On the same day Estrada talked tough on the ban, the head of Aduana Business Club Inc. (ABCI), an organization of importers, exporters, licensed brokers and truckers, openly criticized the measure, saying the group had been opposing it since the council hearings. ABCI president Mary Zapata warned of economic repercussions and called it a form of “political suicide” on the part of its proponents.

Another ABCI official weighed in on Thursday, saying the new ban could be intended as an act of “economic sabotage” that would reflect badly on the administration of President Aquino and Interior Secretary Mar Roxas.

 

“Rey Salgado, ABCI vice president for government affairs questioned the ban. “Why are they doing this? This will hike up overhead expenses and the price of commodities will increase. If raw materials are not delivered on time, factories might shut down. If exporters cannot deliver, their contracts will be pulled out,” said.

 

“President Aquino is inviting investors to come here but this measure will choke businessmen. To whom will it boomerang? To the leadership of Malacañang and the DILG (Department of the Interior and Local Government),” Salgado said in a media forum at Aloha Hotel.

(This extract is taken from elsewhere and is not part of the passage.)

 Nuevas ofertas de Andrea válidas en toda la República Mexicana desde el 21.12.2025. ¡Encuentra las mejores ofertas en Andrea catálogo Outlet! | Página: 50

For his part, Estrada replied to Salgado’s remarks, “Of course not. That’s the last thing I’ll ever do. There’s no politics here. We are just putting things in order.”

 

“We’re thinking of the greater good for the greatest number. Students and employees are affected by traffic. The truckers will be free to use the roads, even Roxas Boulevard, from 9 p.m. to 5 a.m.,” Estrada said.

 

Speaking next to Estrada during a briefing on Monday, Vice Mayor Francisco “Isko Moreno” Domagoso maintained that stakeholders were consulted on the ban through public hearings and a traffic summit.

 

Domagoso said that “99 percent” of them were opposed to it.